Your task →
Your task is to print all of the data below exactly, with no pictures included.

Provided data →
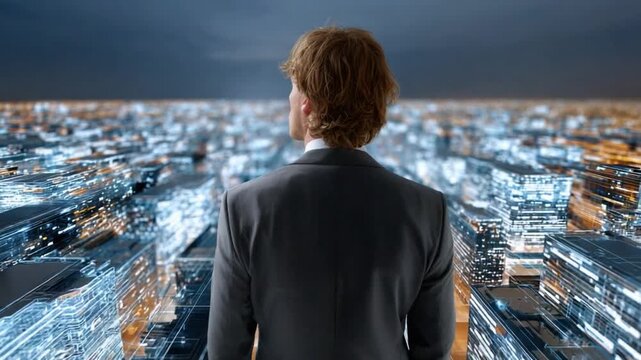 City Visionary: A contemplative businessman stands, gazing at a sprawling cityscape under a sky, symbolizing ambition and foresight in the modern world.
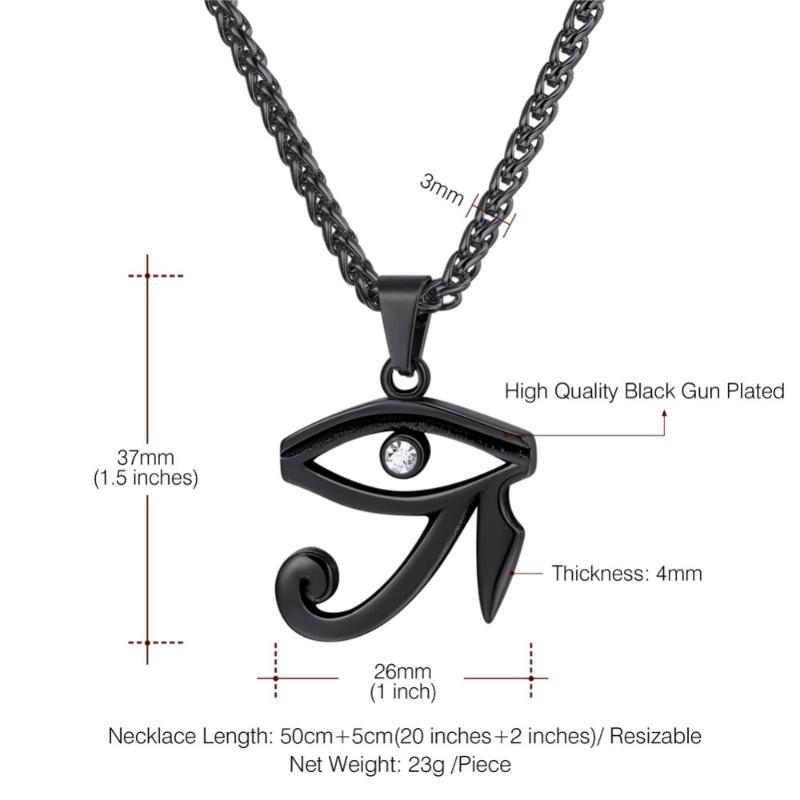 Pendant Necklaces Kpop Eye Of Horus Necklace Egyptian Spiritual Jewelry Stainless Steel Gold/Black Color Ra For Men P3318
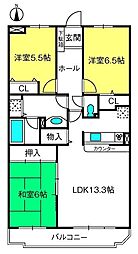 ロイヤルヒルズ高砂 3LDKの間取図画像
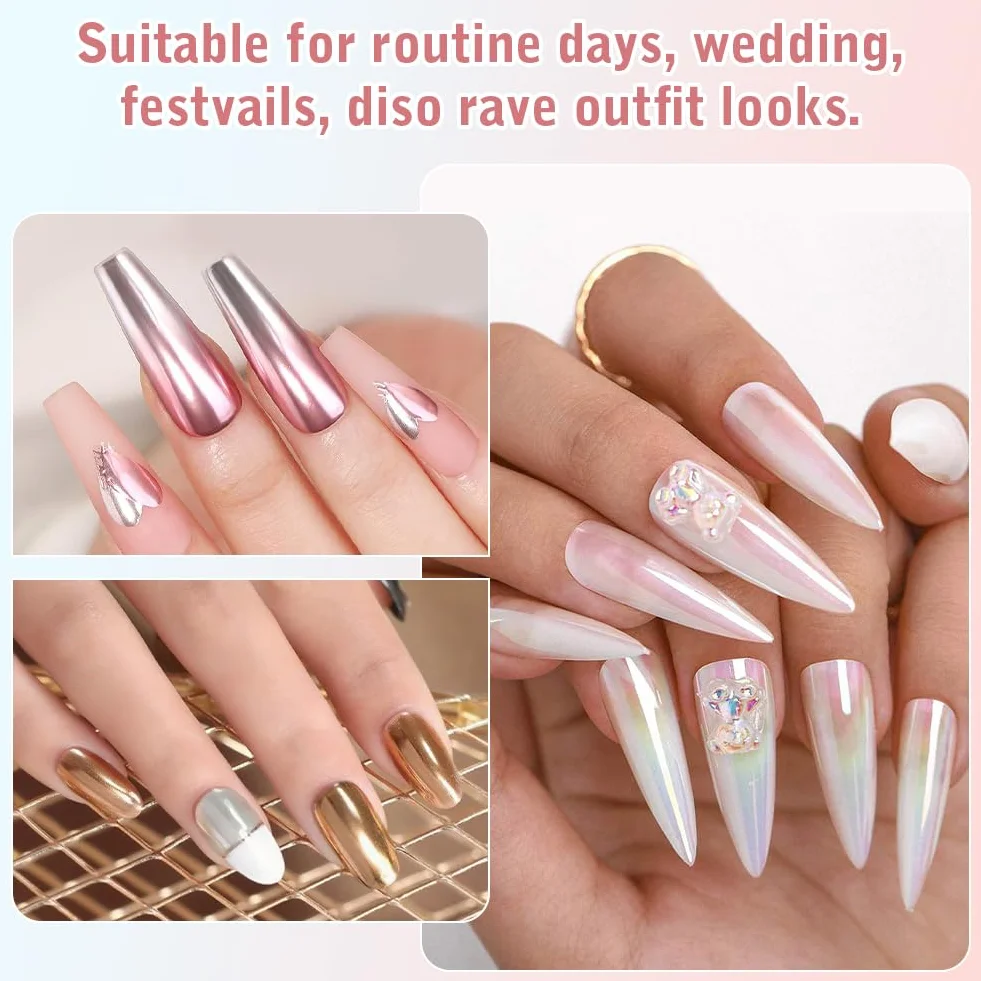 Poudre Chrome Ongle Nacrée 2Pcs Effet Perle Glitzerpuder Paillettes Aurora Transparente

Written response →
 City Visionary: A contemplative businessman stands, gazing at a sprawling cityscape under a sky, symbolizing ambition and foresight in the modern world.
 Pendant Necklaces Kpop Eye Of Horus Necklace Egyptian Spiritual Jewelry Stainless Steel Gold/Black Color Ra For Men P3318
 ロイヤルヒルズ高砂 3LDKの間取図画像
 Poudre Chrome Ongle Nacrée 2Pcs Effet Perle Glitzerpuder Paillettes Aurora Transparente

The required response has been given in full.